Gretchen Barretto from Cuncolim meanwhile started meditating when she “first experienced grief in its totality”. The singer-songwriter recalls that she was living alone and was forced to face things about herself that she couldn’t make peace with. “Determined to change things, I started reading, working out and practising yoga. This further led me to read the ‘The Power of Now’ by Eckhart Tolle which introduced me to meditation,” she says.
While Barretto used to practise meditation regularly when she lived alone in Bengaluru, since her shift home she admits that she hasn’t been as consistent. “I try to do it first thing when I wake up in the morning. I follow guided mediation by Pema Chodron, Louise Hay, or Adriene Mishler,” she says, adding that, for her, practising gratitude is key.
And one of the biggest transformations she’s noticed is “a sense of calm” on days that she practises. “I’ve noticed that I’m more disciplined because of an increased level of self-awareness. I’ve discovered how despite all my flaws and uncertainties, I’m still learning, and discovering who I really am.

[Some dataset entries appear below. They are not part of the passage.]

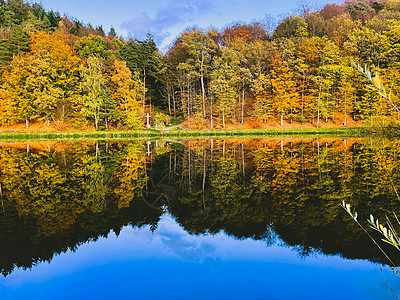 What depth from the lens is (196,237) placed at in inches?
225

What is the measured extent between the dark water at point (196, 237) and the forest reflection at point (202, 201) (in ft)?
0.09

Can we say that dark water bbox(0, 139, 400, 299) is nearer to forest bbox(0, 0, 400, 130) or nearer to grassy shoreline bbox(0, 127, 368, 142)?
grassy shoreline bbox(0, 127, 368, 142)

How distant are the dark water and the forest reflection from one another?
0.03 m

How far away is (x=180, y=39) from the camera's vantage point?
53.2 m

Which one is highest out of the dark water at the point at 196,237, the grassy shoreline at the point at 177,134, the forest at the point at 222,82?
the forest at the point at 222,82

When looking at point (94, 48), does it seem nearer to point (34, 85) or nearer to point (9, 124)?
point (34, 85)

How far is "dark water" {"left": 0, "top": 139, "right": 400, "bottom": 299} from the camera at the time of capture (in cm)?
400

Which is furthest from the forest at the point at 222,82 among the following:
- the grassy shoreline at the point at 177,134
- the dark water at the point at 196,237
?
the dark water at the point at 196,237

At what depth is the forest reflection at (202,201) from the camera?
5.38 metres

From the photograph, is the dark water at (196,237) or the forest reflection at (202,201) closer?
the dark water at (196,237)

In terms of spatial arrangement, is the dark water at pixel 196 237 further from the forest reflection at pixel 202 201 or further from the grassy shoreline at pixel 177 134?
the grassy shoreline at pixel 177 134

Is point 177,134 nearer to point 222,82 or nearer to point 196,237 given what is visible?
point 222,82

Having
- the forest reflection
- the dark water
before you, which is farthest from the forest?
the dark water

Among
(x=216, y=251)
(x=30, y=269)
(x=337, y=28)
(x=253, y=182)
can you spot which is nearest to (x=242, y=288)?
(x=216, y=251) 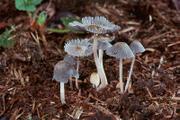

And for the first time in a long time, I love so much about myself,” she adds.
Meditation for beginners
The easiest way to begin is to sit quietly and focus on your breath. “Start with ten minutes a day and gradually build this up to 20 minutes. This has been found to be ideal for beginners,” says proprietor, World of Yoga, Namrata Anand Menon. She further suggests meditating at the same time every day and choosing one place for your meditation. To get started, many techniques for learning meditation are available, she adds. “Choose one suitable to your personality and lifestyle. Discipline and perseverance are key.”